An AF-P lens employs an STM (Stepping Motor) for driving the AF. Motor operation is synchronized with pulse electric power, rotating one step per electric pulse. It offers high response and controllability for starting and stopping, and its simple mechanical structure allows for extremely quiet operation. Useful for video shooting and other times when operational noise from the lens is a concern.
[NOTE] The number of compatible cameras is limited. Even for compatible cameras, some models require firmware update.
Originating from Nikon's work in semiconductor manufacturing technology, NIKKOR's Nano Crystal Coat is an antireflective coating that employs an extra-low refractive index coating featuring ultra-fine, nano-sized* crystal particles. These crystallized particles eliminate reflections inside the lens throughout the spectrum of visible light waves (380 to 780 nm) in ways that far exceed the limits of conventional antireflection coating systems. Nano Crystal Coat not only solves ghost effects caused by red light, which was incredibly difficult for previous systems. It also effectively reduces ghost and flare effects caused by light entering the lens diagonally. The result: clearer images.
*One nanometer equals one millionth of a millimeter.
Nikon's fluorine coat effectively repels dust, water droplets, grease or dirt, ensuring easy removal even when they adhere to the lens surface. Thanks to Nikon's original technology, it delivers higher durability and is more peel-resistant. Compared to other manufacturers' coating of a similar kind, fluorine coat endures a higher frequency of lens surface wiping and provides longer-duration staying power. Its anti-reflective effect also contributes to the capture of clear images.
Nikon Super Integrated Coating
Nikon's exclusive multilayer lens coating achieves high transmittance in a wider wavelength range. Even for zoom lenses with a large number of glass elements, this coating system effectively reduces the ghost and flare effects that are likely to occur in backlit situations, helping you achieve high-contrast images with rich gradation. With outstanding color balance and reproduction capability, superb optical performance can be achieved. Ghost and flare effects caused by internal reflections particular to digital cameras are also effectively minimized. This coating system is applied to all current lenses in the NIKKOR lineup.
M/A (manual-priority auto) mode
Simply by rotating a focus ring, M/A mode allows you to switch from autofocus to manual with virtually no time lag. This makes it possible to seamlessly switch to fine manual focusing while looking through the viewfinder.
A/M (auto-priority manual) mode
This mode also enables an easy transition from autofocus to manual during AF operation. However, mode switch sensitivity has been altered to reduce the possibility of sudden unintentional switching to manual focus while shooting.

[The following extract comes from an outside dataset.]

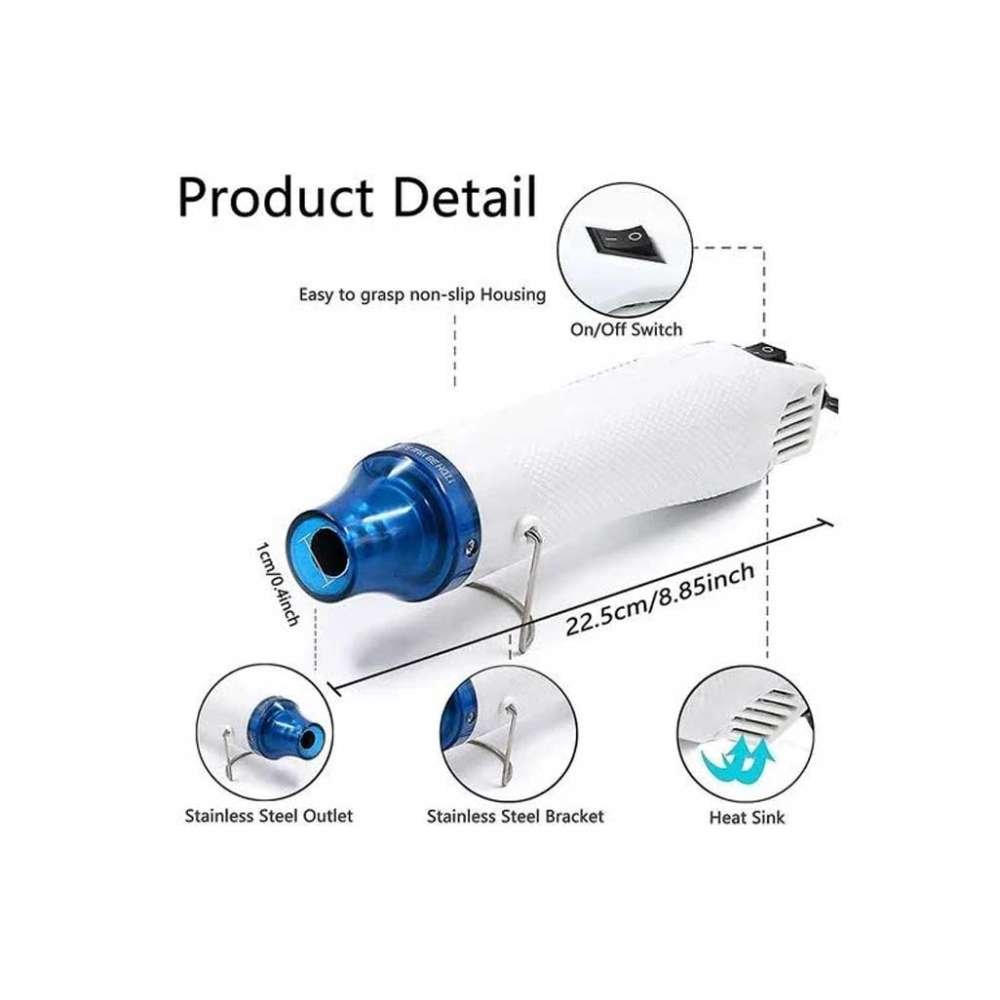 Electric Heat Gun for Resin Art – Professional Hot Air Tool for Bubble Removal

A-M mode ring/lever/switch
Thanks to a mechanism incorporated in the lens barrel, smooth focusing operation in Manual focus mode is realized in the same way as users have become accustomed to with conventional manual-focus lenses by adding an appropriate torque to the focus ring.
Imagine being able to focus a lens without it changing in size. Nikon's IF technology enables just that. All internal optical movement is limited to the interior of the non-extending lens barrel. This allows for a more compact, lightweight construction as well as a closer focusing distance. In addition, a smaller and lighter focusing lens group is employed to ensure faster focusing. The IF system is featured in most NIKKOR telephoto and selected NIKKOR zoom lenses.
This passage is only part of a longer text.